If you check the ingredients list on the packaging of various food products, you may come across the terms 'cacao' or 'cocoa', and they may be preceded with the word 'raw'. What do these terms really mean, how do they differ from 'chocolate' and do they provide any health benefits?

What are cacao and cocoa?

Understanding how chocolate is made can help explain the different terms that appear on food labelling and that spring up on websites. Whether they are ' chocolate', 'raw cacao' or 'cocoa', all these products start off as seeds inside pods of the cacao tree, or Theobroma cacao. These seeds are actually fruit but they are usually referred to as cocoa beans.

According to the National Confectioners Association's (NCA) Chocolate Council, which is affiliated with the World Cocoa Foundation, cocoa beans are grown on farms in countries near the equator - cacao trees need a tropical climate. Before the beans are delivered to a factory, the farmer will normally remove the seeds from the pods, ferment the seeds and dry them.

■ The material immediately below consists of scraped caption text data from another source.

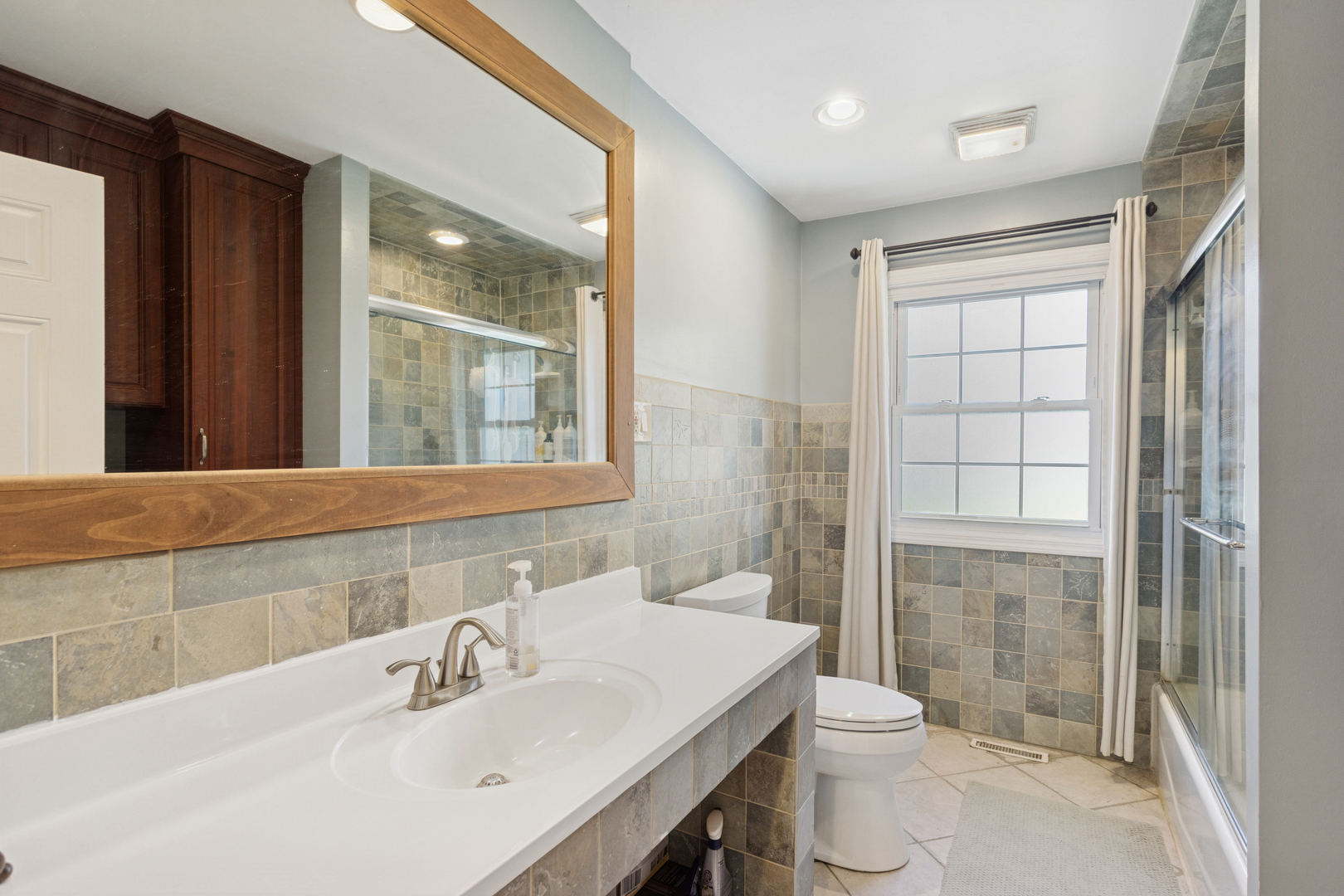 7S355 Midfield Drive Aurora IL 60506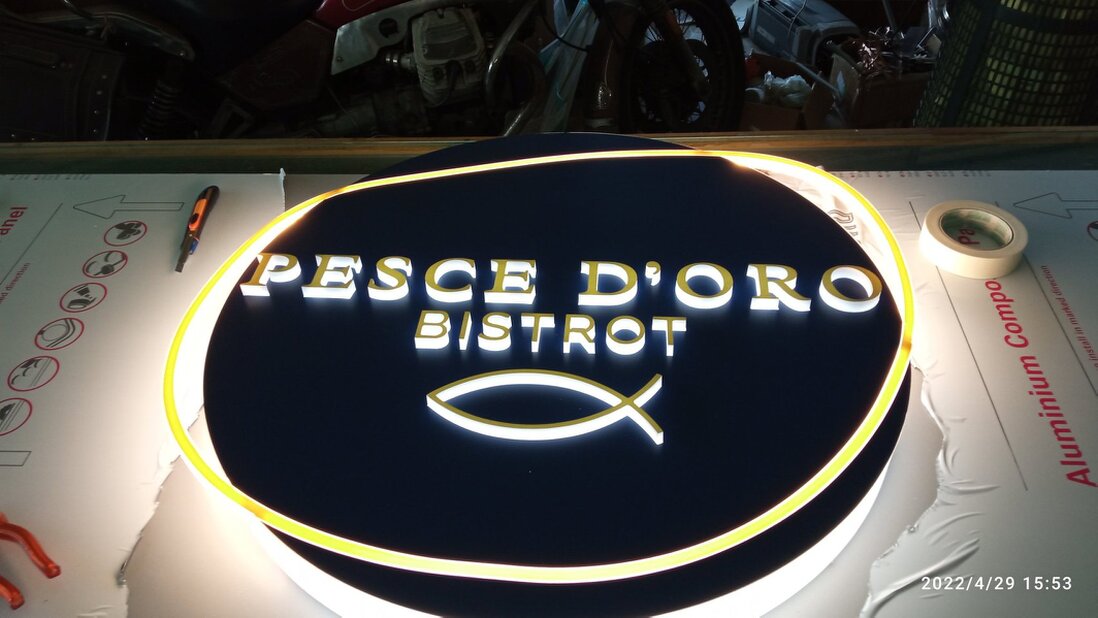 Insegna luminosa artigianale per un piccolo bistrot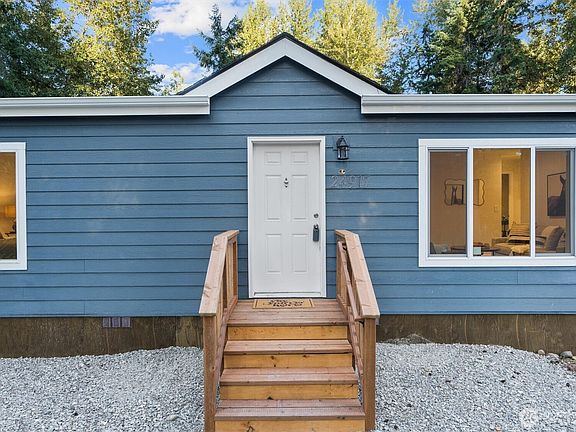 4th image of 24917 48th Avenue E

In traditional Central American processing methods, the beans are washed rather than fermented - these are known as lavado, Spanish for 'washed', beans.

Once at a chocolate factory, the beans are cleaned and roasted at 120°C or higher for 30 minutes to 2 hours 30 minutes, depending on how the beans will be used. The roasted beans are then split open to remove the nib - this is the 'meat' inside the bean that is used to make cacao (or cocoa) products.

The nibs are ground into a liquid form called chocolate liquor and poured into moulds, where it hardens into unsweetened plain chocolate which can then be sold for baking. Chocolate liquor can also be pressed to separate the cocoa butter from the cocoa powder (thereby making two different products), or it can be made into eating chocolate by mixing it with sugar, more cocoa butter and other ingredients such as milk, fruit, nuts and spices.

Cacao (pronounced either 'kuh-KOW' or 'kuh-KAY-oh') can refer to any of these three products: chocolate liquor, cocoa powder and cocoa butter. A percentage symbol on a food label indicates the total amount of these three ingredients (by weight) used to make the product. On food labels, % cacao and % cocoa are used interchangeably, so if a label has % cocoa it can also include chocolate liquor or extra cocoa butter.

What is raw cacao or cocoa?

When 'raw' appears on a food label that contains cacao, it refers to a product made from cacao beans that have not been roasted. According to the NCA, there is no legal definition for raw chocolate, nor is there an industry standard, but manufacturers who produce raw cacao or cocoa powder, nibs, beans, cocoa butter or finished chocolate claim the temperatures used to produce their products do not exceed 42°C.